Images should be omitted while the rest of the data is duplicated exactly.

Start of Provided material

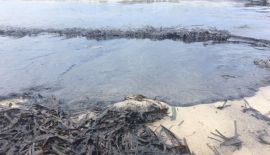 Разлив нефтепродуктов произошел около восточного побережья Пхукета. Виновник утечки морепродуктов пока не установлен, ведется проверка
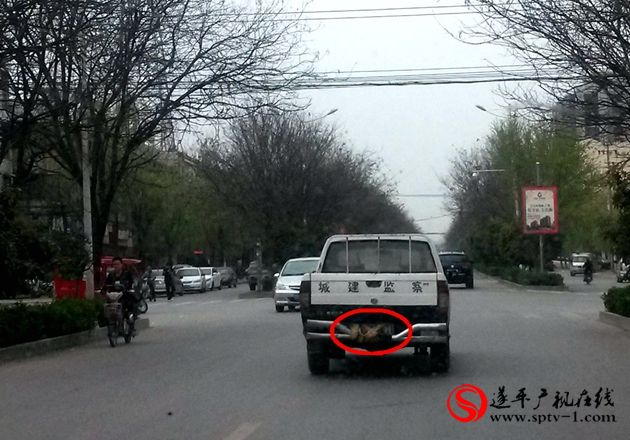 遮擋著車號(hào)牌的遂平城建監(jiān)察車咋就這么任性？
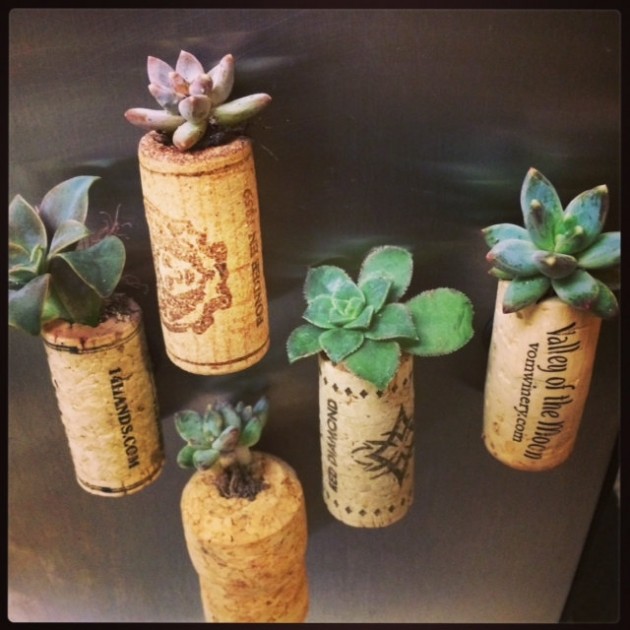 18 Lively Handmade Succulent Spring Decorations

End of Provided material

> [Answer to this problem]:
 Разлив нефтепродуктов произошел около восточного побережья Пхукета. Виновник утечки морепродуктов пока не установлен, ведется проверка
 遮擋著車號(hào)牌的遂平城建監(jiān)察車咋就這么任性？
 18 Lively Handmade Succulent Spring Decorations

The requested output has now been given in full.